Cuando mi papá regresaba a casa yo iba directo a lo más importante: su maleta. Sin saludarlo, sin preguntarle “¿Cómo te fue, papá?” “¿Cómo te usó el Señor?” En uno de esos regresos a casa arrebaté ansiosamente su equipaje, moví rápidamente los números del candado, puse la clave “911”, abrí la maleta y empecé a sacar toda su ropa, esperando encontrar mi regalo.
Mi papá se quedó analizando lo que pasaba y no tardó mucho para que su disgusto llegara a mi oreja. La jaló, la acercó a su boca para asegurarse de que yo lo escuchara y me dijo: “Hijo, ¿qué es más importante? ¿Los regalos o yo?” Le respondí lo que él esperaba que respondiera: “Tú, papá”, mientras estiraba mi cuello esperando alcanzar a ver si lograba descubrir mi juguete entre sus calzoncillos sucios o los bosquejos de prédicas.
Nuestro corazón nos “juega la vuelta” con facilidad. Queremos las cosas antes que a las personas. Ese es mi problema: mi inconformidad con las personas que quieren vivir un “pentecostés” todos los años.
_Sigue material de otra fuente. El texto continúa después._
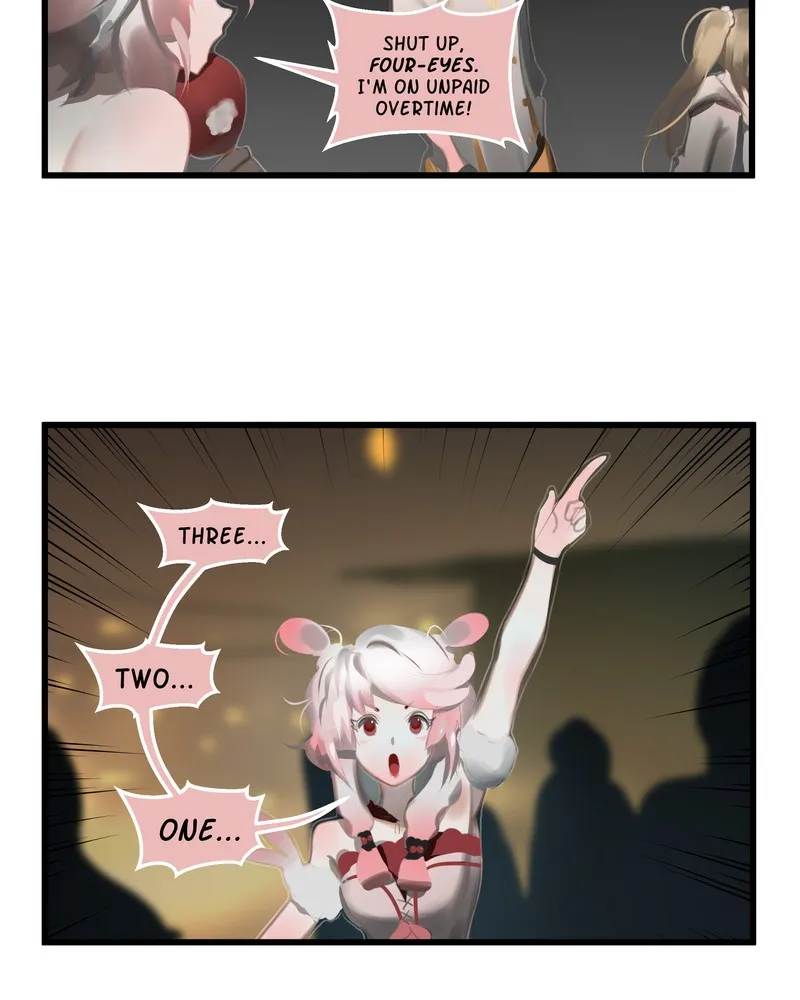 Read Winter Moon chapter 119 image 5 on Lezhin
Permíteme aclarar lo que acabo de escribir. “Pentecostés” es una celebración anual que se lleva a cabo cincuenta días después de la pascua. Su origen es hebreo, recordando que después de librar al pueblo de Dios de las manos de los egipcios, al quincuagésimo día descendió Moisés con la Ley. Hermoso es como relata Hechos 2, el Espíritu de Dios sellando su nuevo pacto con llamas como de fuego, estruendos, nuevas lenguas. No descendió la ley, sino el mismo Espíritu de Aquél que vino a cumplir la ley. La gracia con nosotros.
Me entristece que haya iglesias que creen que el fuego del Espíritu de Dios ha ido menguando porque ya no ven las manifestaciones que veían en la década de 1990. De forma similar sería que los apóstoles llegaran a pensar que por no ver otra vez las lenguas como de fuego el Consolador los haya abandonado.
Pero no fue ni es así. La iglesia primitiva comprendió la relevancia de la persona, no sus regalos. El abogado defensor empezó a habitar entre los hombres, a caminar junto a los apóstoles. Hubo viajes misioneros en los cuales proveían hogar al desamparado, abrigo al que pasaba frío, pan al hambriento. Estableciendo el reino de Dios en reino ajeno.
Entonces, ¿cuál es mi propuesta de avivamiento? Avivar es incrementar la intensidad, la fuerza o la vivacidad de algo. ¿Te parece si aumentamos apasionadamente la fuerza con la que defendemos al hambriento? ¡Una defensa vivaz! ¡Animar la presencia de Aquél que salió en defensa por nosotros!
A lo mejor viene más fuego, o a lo mejor no, pero el necesitado encontrará su mayor defensor: a ti, a mí, llenos del Espíritu Santo. A Su Iglesia avivada.